MRS. FANG
方绣英
Directed by Wang Bing
MRS. FANG
UltraStar Mission Valley
Tuesday, Nov 14, 2017 8:05PM
Description
Golden Leopard, 2017 Locarno Film Festival
Official Selection, 2017 Toronto International Film Festival
When Wang Bing’s latest documentary begins, Mrs. Fang is sick but on her feet. Soon though she is bedridden. Around her lurch family members going about their days, eating, yakking, preparing the funeral of the elderly woman while she lays at the edges of the frame, as inanimate as the refrigerator by her feet. While they talk about Mrs. Fang as if she were already gone, Wang Bing (Ta’ang, SDAFF 2016) does something he rarely does: he cuts in for a close-up. Mrs. Fang’s eyes are locked open, as if seeing death waiting patiently in her room. Her teeth jet out, reminders of the bones beneath her shriveled flesh. She is not gone. In close-up, we feel her breath, her eyes zap us with the final flickers of life. Locked in on her face, our eyes are connected and our consciences inflamed. Compassion can be suffocating. So can voyeurism.

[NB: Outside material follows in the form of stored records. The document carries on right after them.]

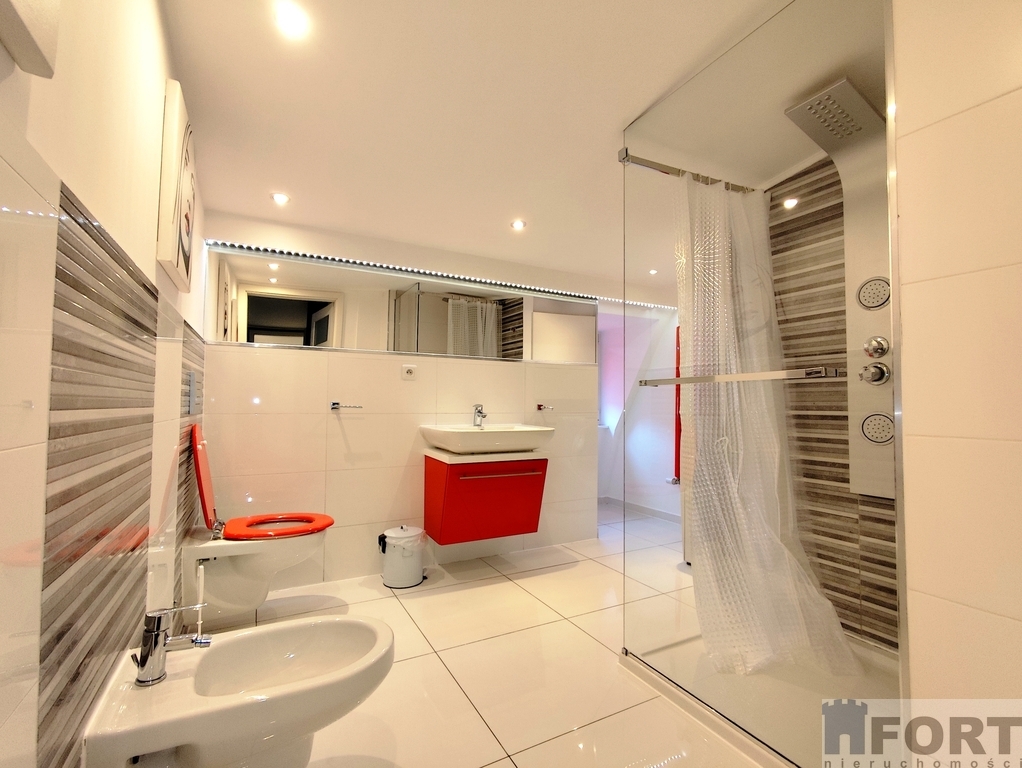 Komfortowe 2 pokoje z garderobą obok Kaskady (6)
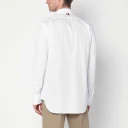 Thom Browne Herre Skjorter Hvit M,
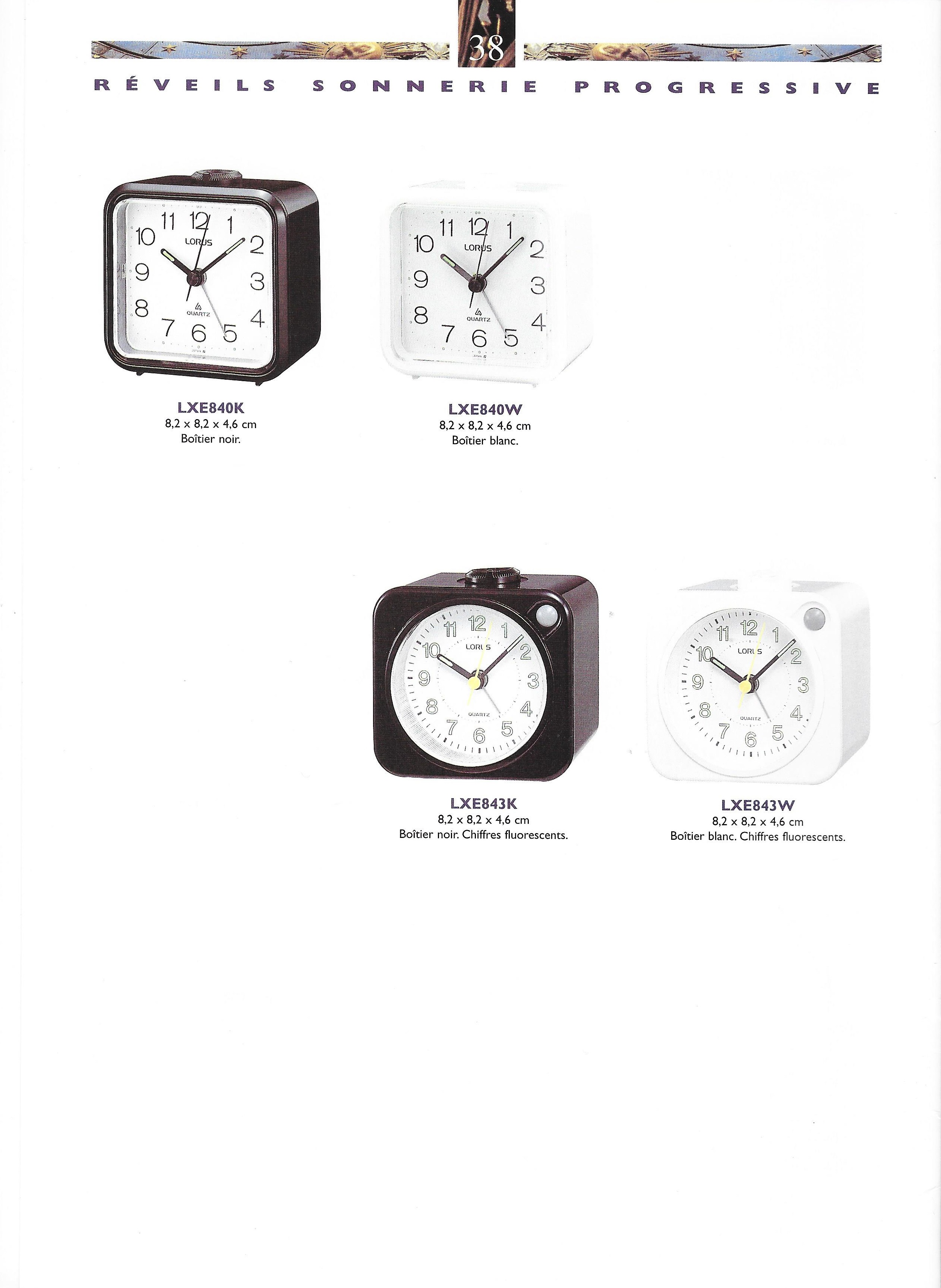 catalogue 1997 1998 page 38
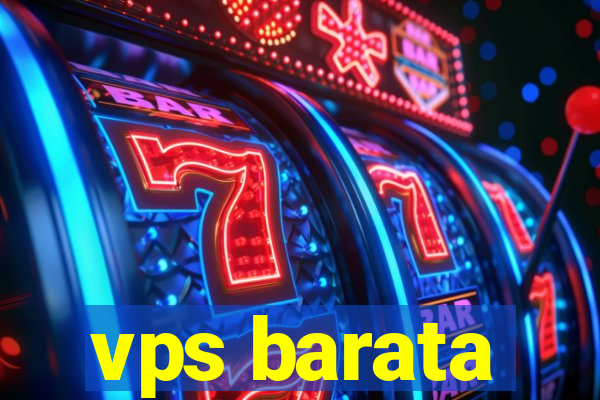 vps barata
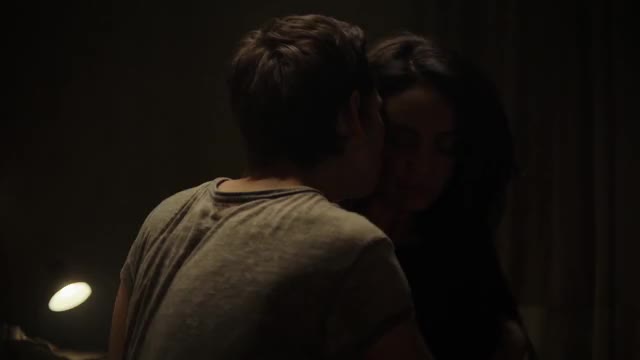 /r/celebrityplotarchive - Sara Serraiocco & Nazanin Boniadi in Counterpart (TV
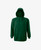 New Evoshield Hoodie Green Small View 1
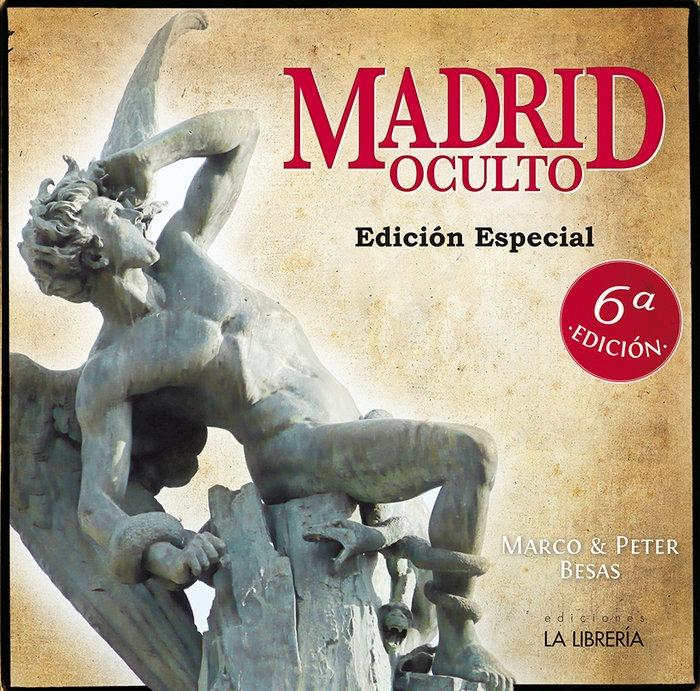 Madrid Oculto Edición especial Ed. 2022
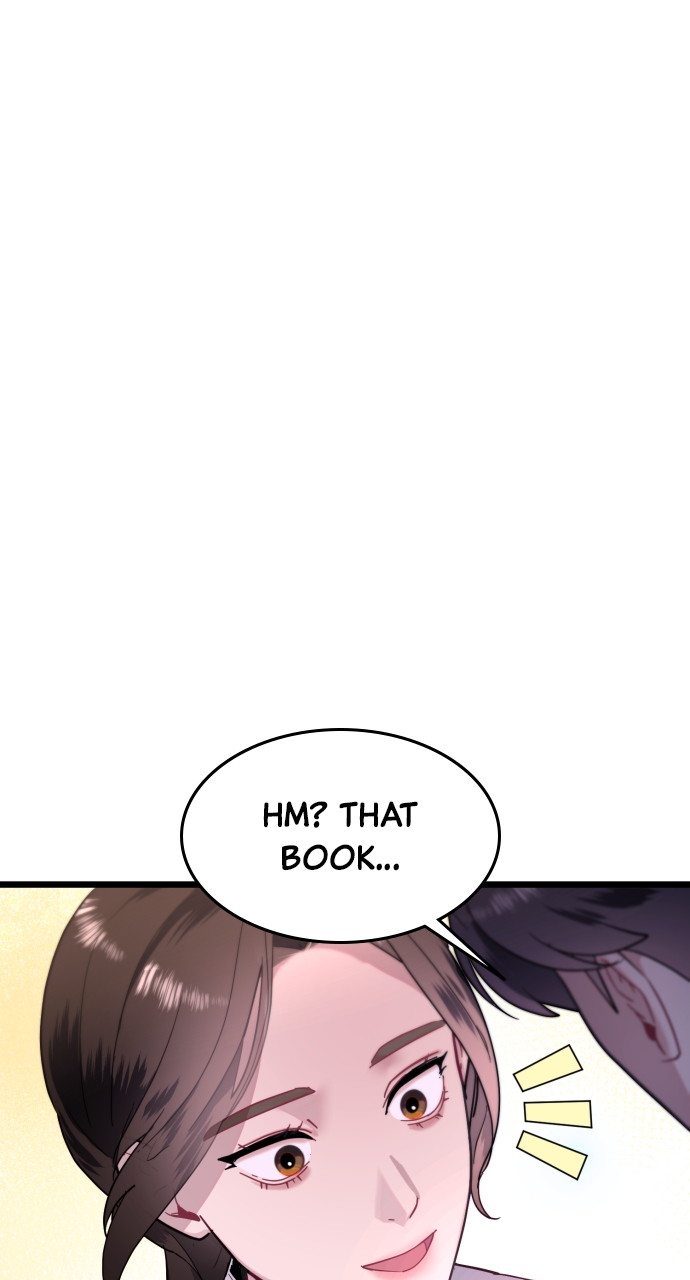 Maseknam – A Sexy Magician Chapter 67 - Page 34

This is documentary at its most uncompromising and fundamental: what is the experience of watching a human pass away? Who are we to observe the most private gesture of consciousness, the succumbing to finality? It’s easy to blame the family for ignoring or being insensitive to their matriarch; it’s much harder to look at her ourselves, and Wang Bing holds us to that ethical proposition. Between deathbed close-ups, Wang Bing takes us outside to shots of fishing, other merciless views of humankind and death that contextualize Mrs. Fang’s final days in the economy, ecology, and eternal spirit of the community. But never does Mrs. Fang’s face leave our memories. Nor will it, well beyond the 86 minutes of the film. It is an image as elemental and iconic of cinema as has ever been filmed. –Brian Hu
You May Also Be Interested In...
Dates & Times
MRS. FANG
UltraStar Mission Valley
Tuesday, Nov 14, 2017 8:05PM
Follow Us!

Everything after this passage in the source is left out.